▸ **WHAT YOU HAVE TO DO**: When the string "with" appears in a line of the records, show the whole line.

▸ **DATA RECORDS**:

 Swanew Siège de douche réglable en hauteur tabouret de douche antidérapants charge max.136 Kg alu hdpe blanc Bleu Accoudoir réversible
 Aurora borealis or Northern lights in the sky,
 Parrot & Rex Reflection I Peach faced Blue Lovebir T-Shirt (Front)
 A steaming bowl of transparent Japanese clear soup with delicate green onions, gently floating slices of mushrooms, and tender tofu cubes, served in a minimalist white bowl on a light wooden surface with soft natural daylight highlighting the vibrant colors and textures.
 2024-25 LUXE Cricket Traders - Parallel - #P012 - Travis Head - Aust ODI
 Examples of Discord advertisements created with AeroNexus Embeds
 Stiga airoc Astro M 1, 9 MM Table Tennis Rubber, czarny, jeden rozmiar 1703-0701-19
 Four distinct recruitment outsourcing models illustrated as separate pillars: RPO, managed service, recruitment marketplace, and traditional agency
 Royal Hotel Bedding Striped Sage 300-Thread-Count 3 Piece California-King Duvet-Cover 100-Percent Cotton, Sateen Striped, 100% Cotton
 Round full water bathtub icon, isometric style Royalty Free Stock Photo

▸ **TASK RESPONSE**:
 A steaming bowl of transparent Japanese clear soup with delicate green onions, gently floating slices of mushrooms, and tender tofu cubes, served in a minimalist white bowl on a light wooden surface with soft natural daylight highlighting the vibrant colors and textures.
 Examples of Discord advertisements created with AeroNexus Embeds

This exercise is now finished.